Saved data entries:

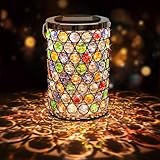 Solar Lanterns Outdoor – Mosaic Crystal & Hummingbird Hanging Solar Lights, IP65 Waterproof Solar Powered Garden Decor Lanterns for Patio, Backyard, Pathway, Christmas, Birthday Gifts for Women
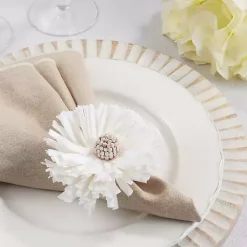 Kirklands Home Table Linens|Raffia Flower Napkin Rings, Set of 4 White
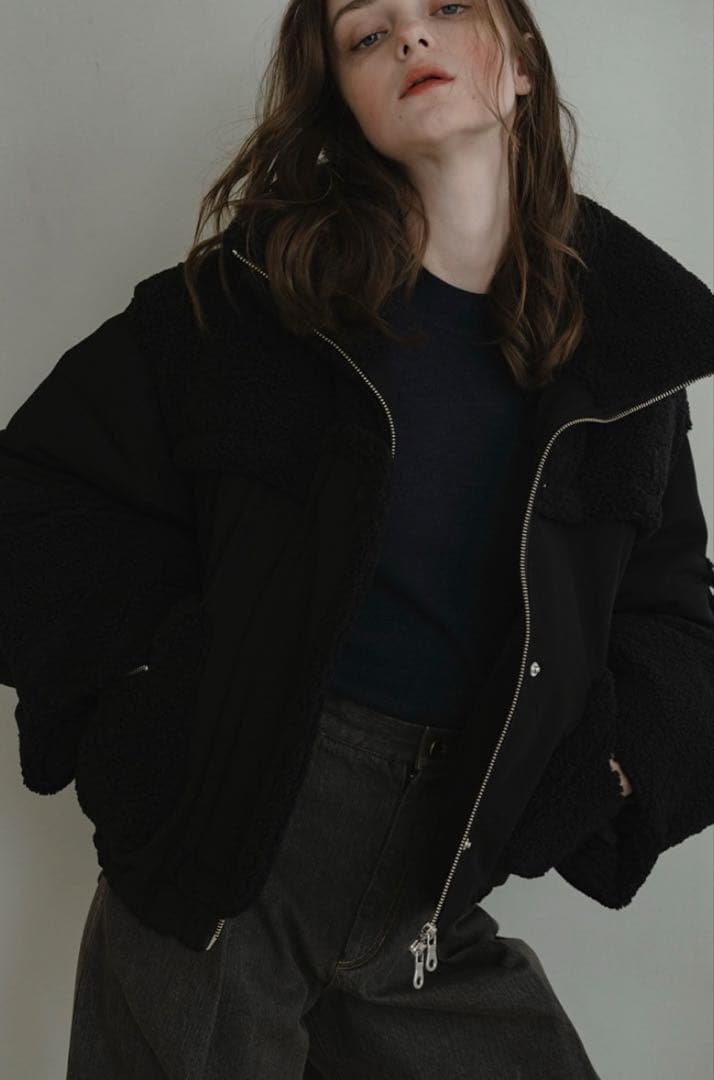 p*◆様 PINUE（ピヌエ）　ボアコンビダウンBLACK（ブラック）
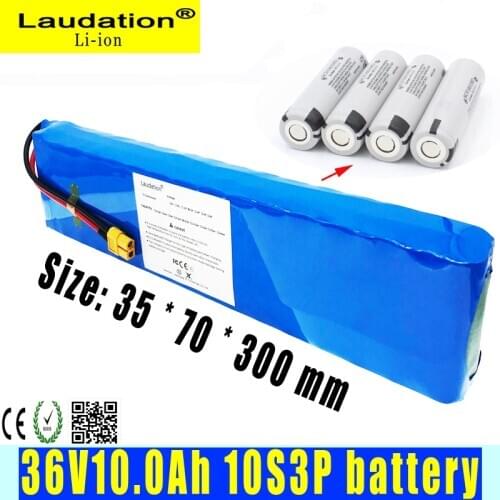 Laudation 36V10Ah Lithium Battery Pack Uses 18650 Lithium Ion Battery Built with 15A BMS for 500W Electric Bikes and Motorcycles
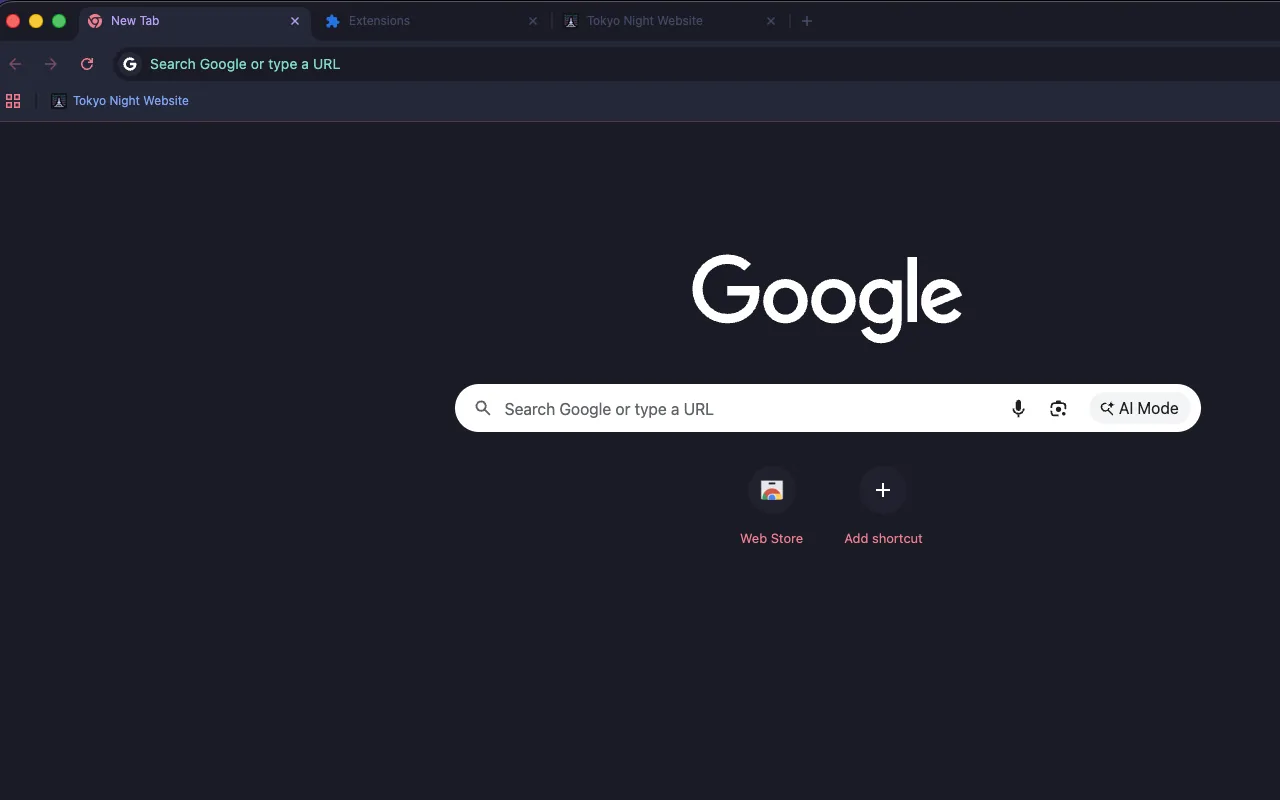 Dark navy minimal Tokyo Night Storm Chrome theme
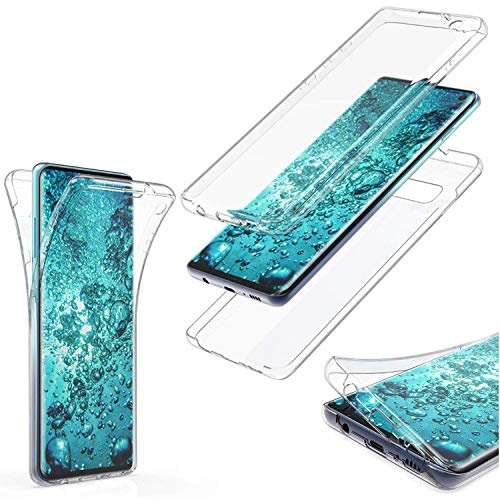 MOELECTRONIX Hülle passend für Huawei P Smart 2019 Pot-LX1 Komplettschutz 360 Grad TPU Silikon Tasche Full Cover Case Transparent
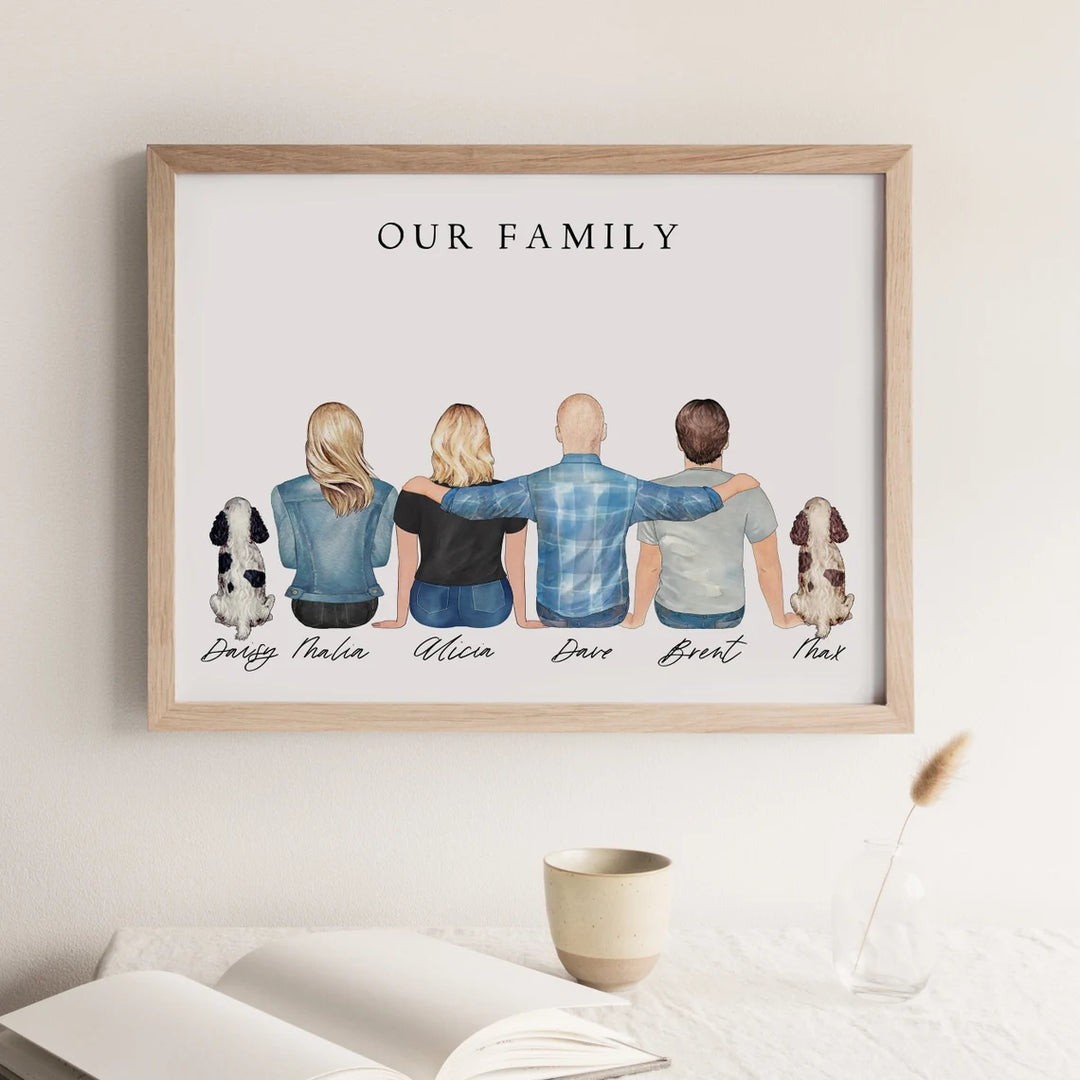 painting - CUSTOM FAMILY PORTRAIT WITH PETS by Asianmonk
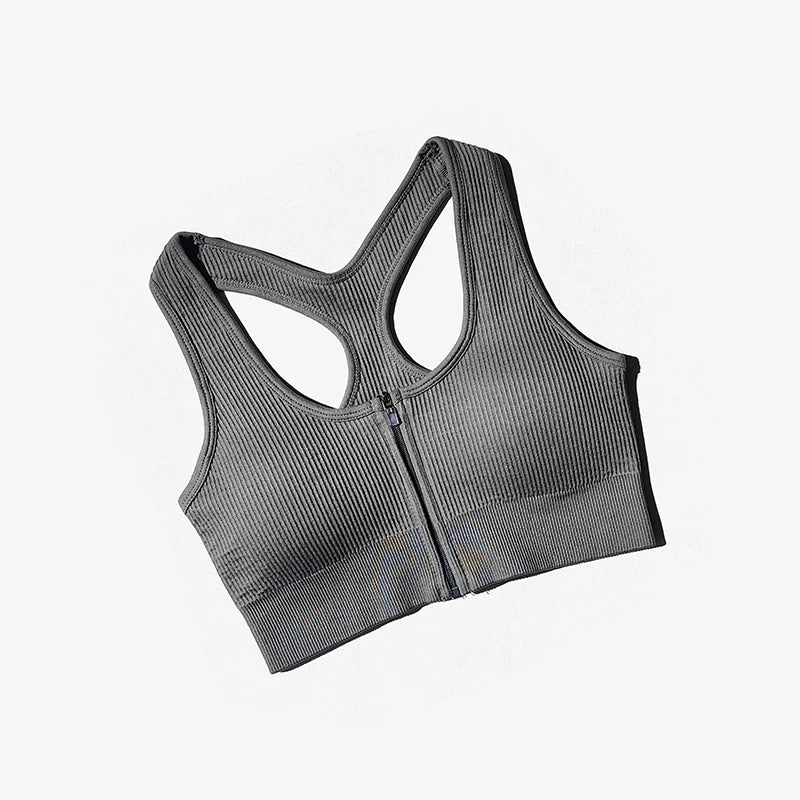 Sports Bra Crop Top Zipper Fitness Women Sportswear Sport Top Bras For Fitness Gym Female Running Push Up Yoga Workout Bra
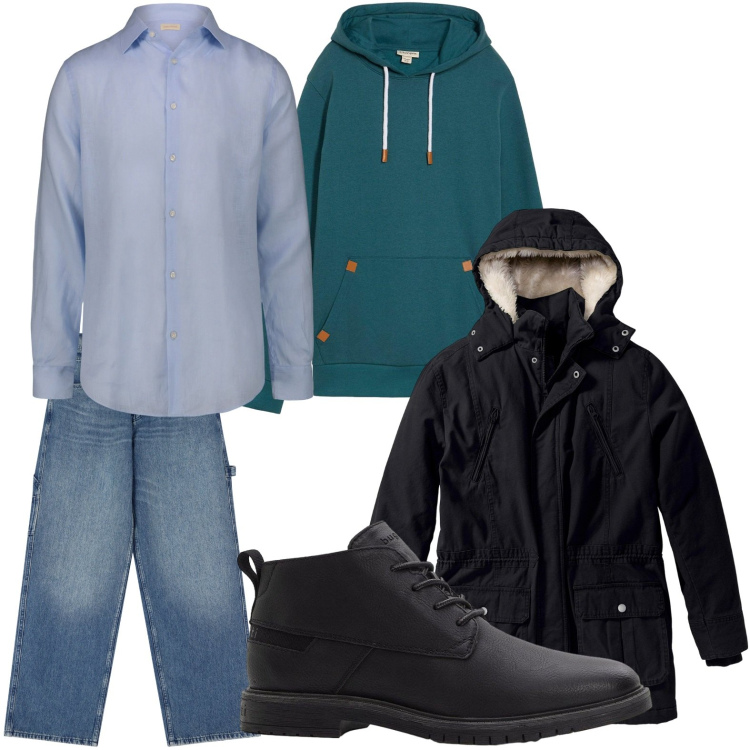 Outfit uomo - Ufficio ibrido. Stile Casual per Ufficio. Abbinamento con parka, stivali e stivaletti, felpe con cappuccio, jeans, camicie.
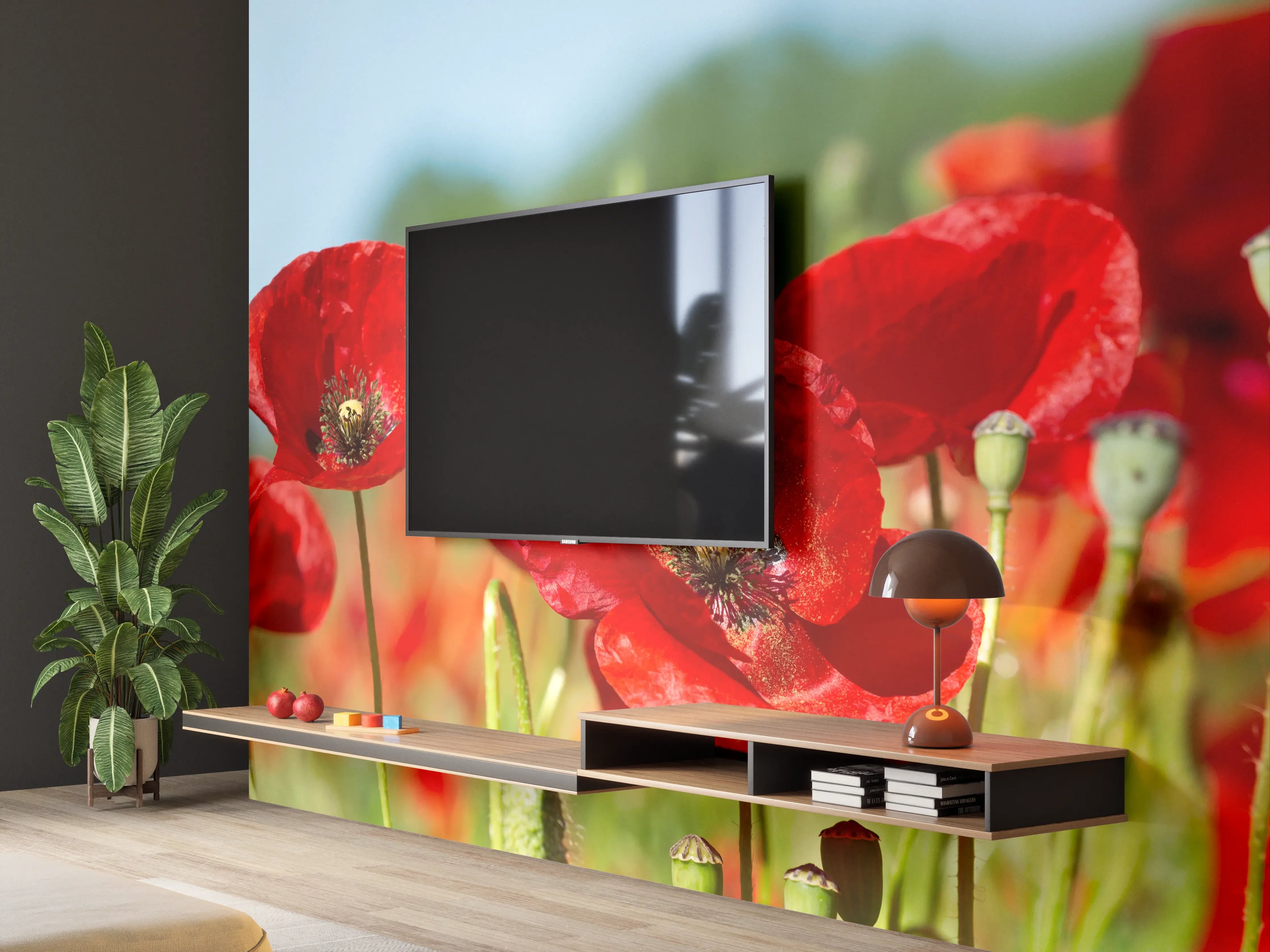 Wandverkleidung Wohnzimmer - Rote Mohnblumen auf einem Feld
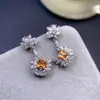 Pendientes Fanta Naturales de Alta Calidad Plata de Ley s925 Pendientes con Diseño de Copo de Nieve de Zirconia Elegantes Elegantes Elegantes Elegantes Pendientes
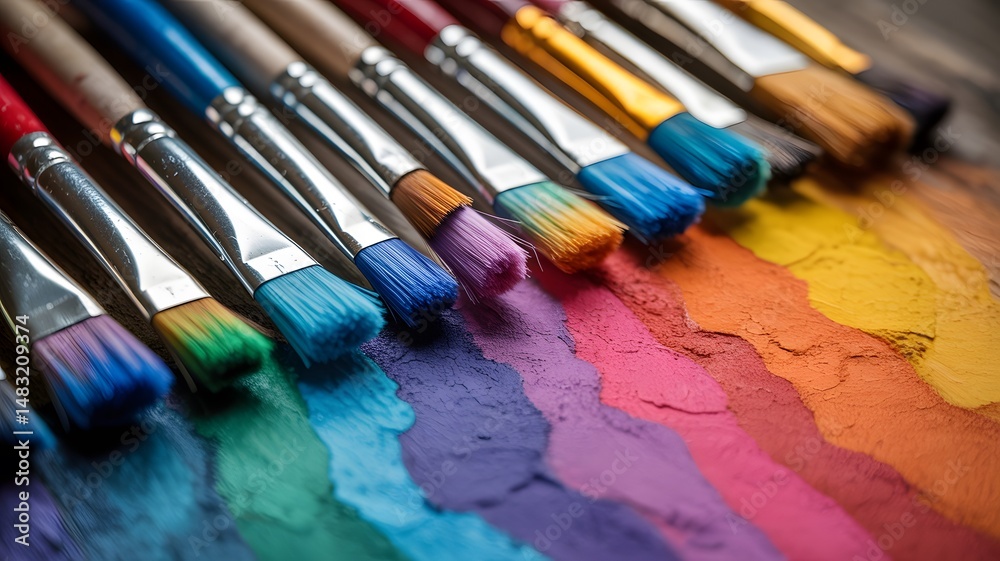 Fototapeta premium Artistic Row of Paintbrushes with Colorful Bristles and Textured Paint Strokes Layout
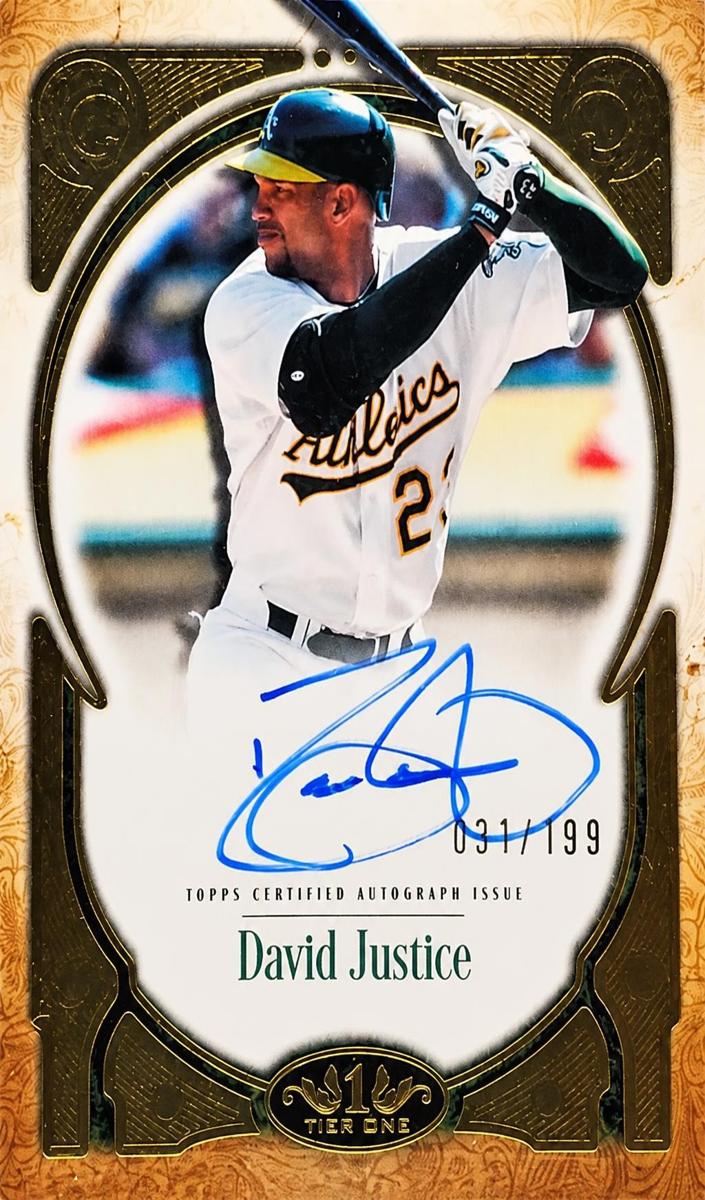 David Justice 2026 Topps Tier One Prime Performers Autographs Baseball
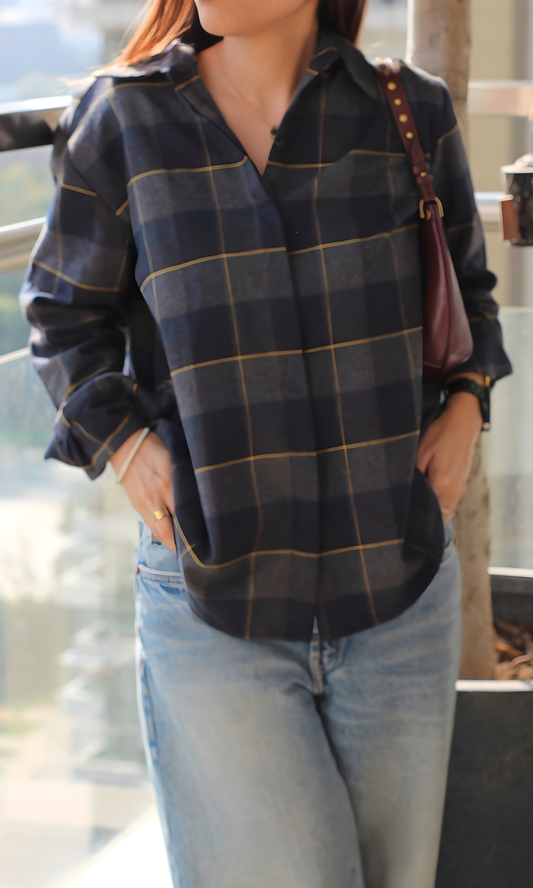 Navy Yellow-Stripe Checked Shirt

Problem details: The pictures stay out; repeat exactly the lines from the one with "Dark navy minimal" to the end of the entries above, and nothing else.

Result of this task:
 Dark navy minimal Tokyo Night Storm Chrome theme
 MOELECTRONIX Hülle passend für Huawei P Smart 2019 Pot-LX1 Komplettschutz 360 Grad TPU Silikon Tasche Full Cover Case Transparent
 painting - CUSTOM FAMILY PORTRAIT WITH PETS by Asianmonk
 Sports Bra Crop Top Zipper Fitness Women Sportswear Sport Top Bras For Fitness Gym Female Running Push Up Yoga Workout Bra
 Outfit uomo - Ufficio ibrido. Stile Casual per Ufficio. Abbinamento con parka, stivali e stivaletti, felpe con cappuccio, jeans, camicie.
 Wandverkleidung Wohnzimmer - Rote Mohnblumen auf einem Feld
 Pendientes Fanta Naturales de Alta Calidad Plata de Ley s925 Pendientes con Diseño de Copo de Nieve de Zirconia Elegantes Elegantes Elegantes Elegantes Pendientes
 Fototapeta premium Artistic Row of Paintbrushes with Colorful Bristles and Textured Paint Strokes Layout
 David Justice 2026 Topps Tier One Prime Performers Autographs Baseball
 Navy Yellow-Stripe Checked Shirt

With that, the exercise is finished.